In Chinese there is no formal distinction of substantive, verb, adjective, adverb, preposition. The same root, according to its position in a sentence, may be employed to convey

the meaning of great, greatness, greatly, and to be great. Everything in fact depends in Chinese on the proper collocation of words in a sentence. Between this state of things and the development of the modern languages, there has intervened the flectional state of speech, of which the grammatical character is as nearly as possible the direct opposite to that which has been stated concerning the Chinese. In the flectional state of language, each word carries about with it a formal mark of distinction, by which the habitual vocation of that word is known. Thus in Greek the word πóvos, even standing alone, bears the aspect of being a noun in the nominative case; but the English word labour, standing alone, is no more a noun than it is a verb, and no more a verb than it is a noun. The flectional languages are not all equally flectional; this character has its degrees. The Greek is not so rigidly flectional as the Latin. But both of them are far more so than any of the languages of modern Europe. Of the great languages, that which has most shaken off inflections is the English, and next to the English, the French. We have but a very few inflections remaining in our language. This increases the freedom with which the language moves. We are recovering some of that long-lost and infantine elasticity which was the property of primitive speech.

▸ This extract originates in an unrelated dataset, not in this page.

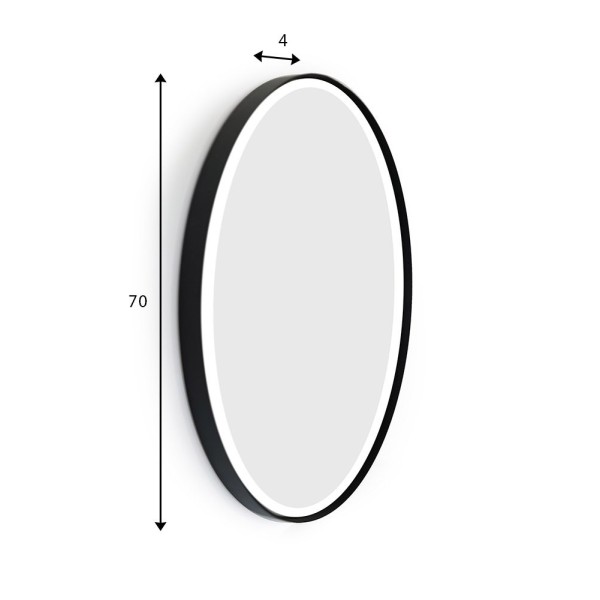 Ronde spiegel van 70 cm met ijzeren frame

224. But while the modern languages, and English especially, are casting off that cocoon of inflections which the habits of thousands of years had gradually swathed about them, there is no possibility of their getting back to a Chinese state of verbal homogeneousness. Such a state is incompatible with a high condition of development. A language of which no part has any fixed character must rank low among languages, just as among animals those which have no distinction of flesh, bone, sinew, hair. Or, as in

communities of men, division of labour, distinct vocations, and all the concomitant rigidity of individual habit, is necessary to advanced civilisation.

There is no appearance of a tendency to fall back into a primitive state of language. The freedom which modern languages are asserting for themselves as against the restraints of flexion, may be carried out to its extremest issues, and no appearance would ever arise of a tendency backwards to a state of pulpy homogeneousness. For there is a movement from which there is no going back, a slow but incessant movement, which gradually creates a distinction among words greater and more deeply seated than that of the parts of speech. This is a movement in which all languages partake more or less, according to the vigour of intellectual life with which they are animated. This is a movement which rears barriers of distinction between one and another class of words as immoveable as the sea-wall which the sea itself has sometimes built to sever the pasture from the bed of the ocean. The explanation of this movement must occupy another chapter.